Requirement: Starting with the line that holds "Poster - modern" and stopping after the line that holds "Don’t miss the", repeat the lines below word for word, without the pictures.

Dataset records:
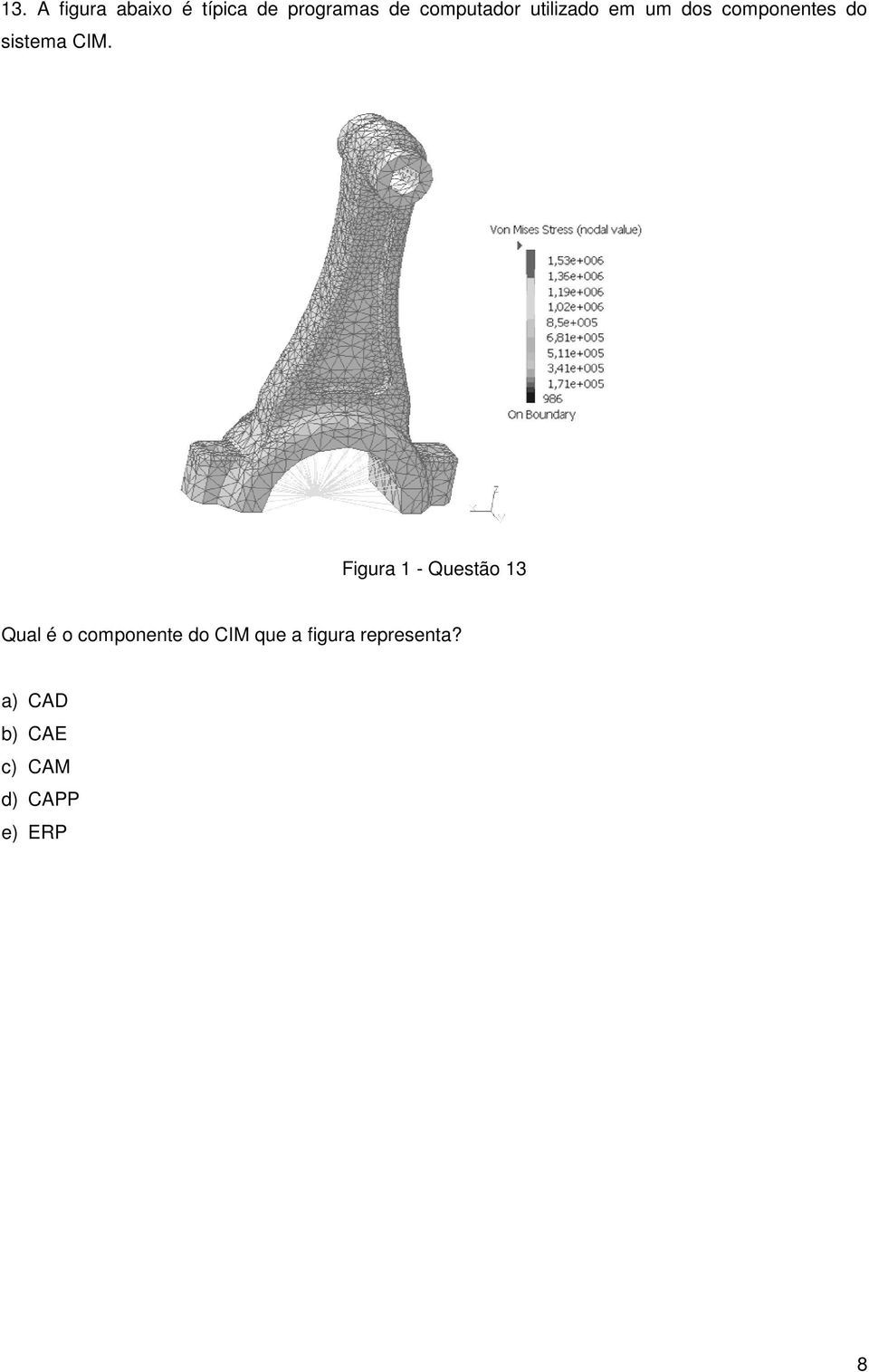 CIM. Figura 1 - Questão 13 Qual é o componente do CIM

--

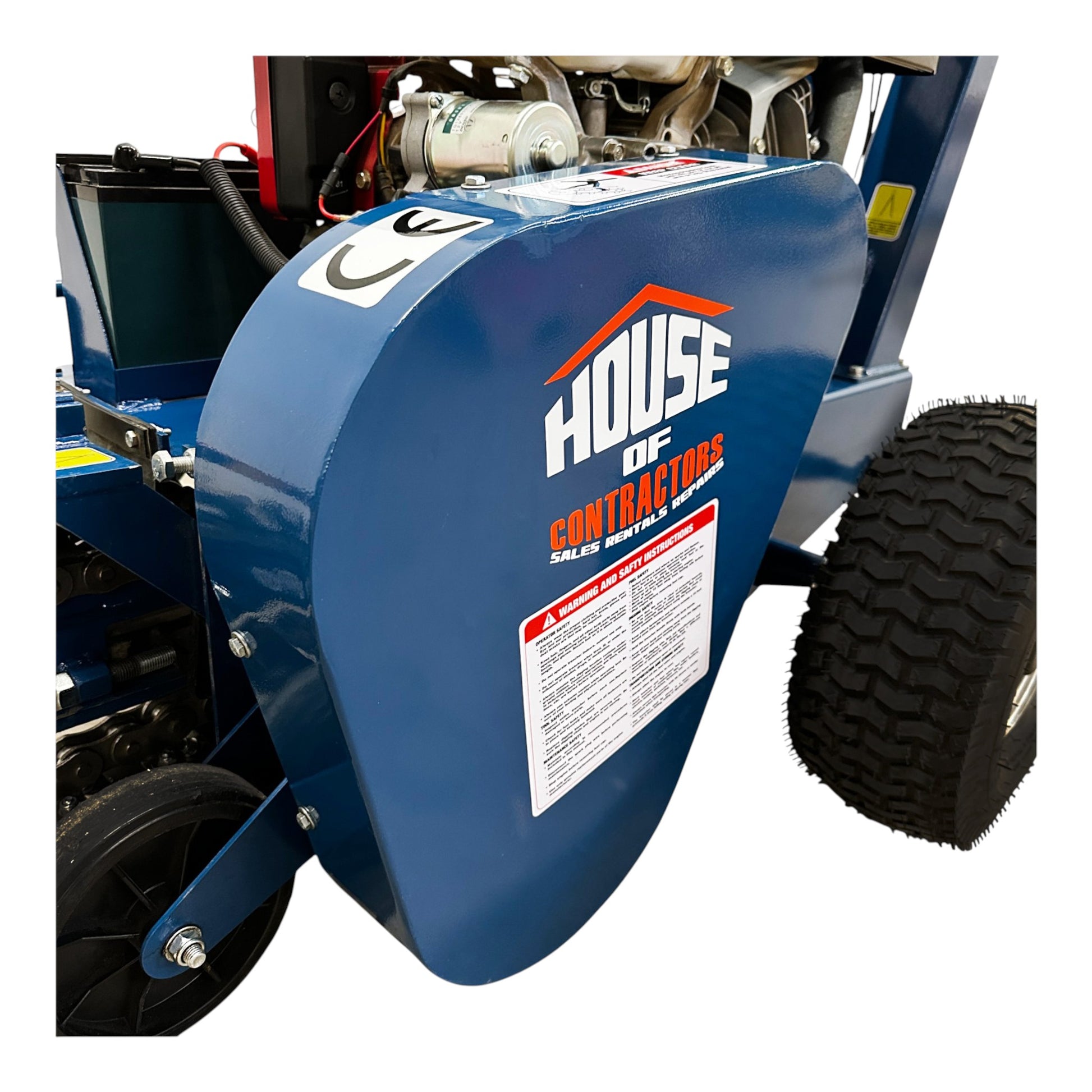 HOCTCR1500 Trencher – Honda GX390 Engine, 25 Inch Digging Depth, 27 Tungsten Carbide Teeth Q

* * *

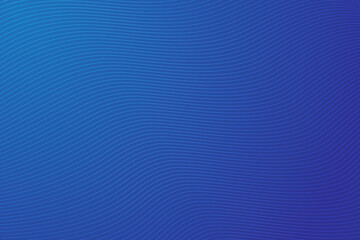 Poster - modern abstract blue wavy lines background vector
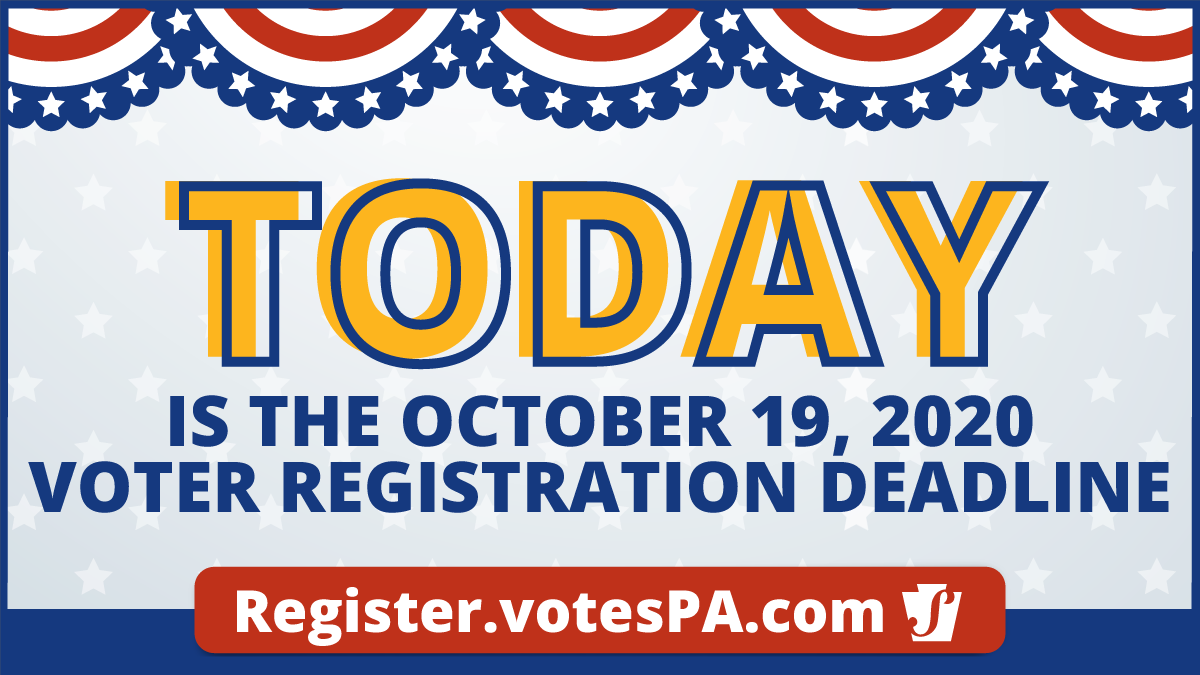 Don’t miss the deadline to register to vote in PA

Answer for this exercise:
 Poster - modern abstract blue wavy lines background vector
 Don’t miss the deadline to register to vote in PA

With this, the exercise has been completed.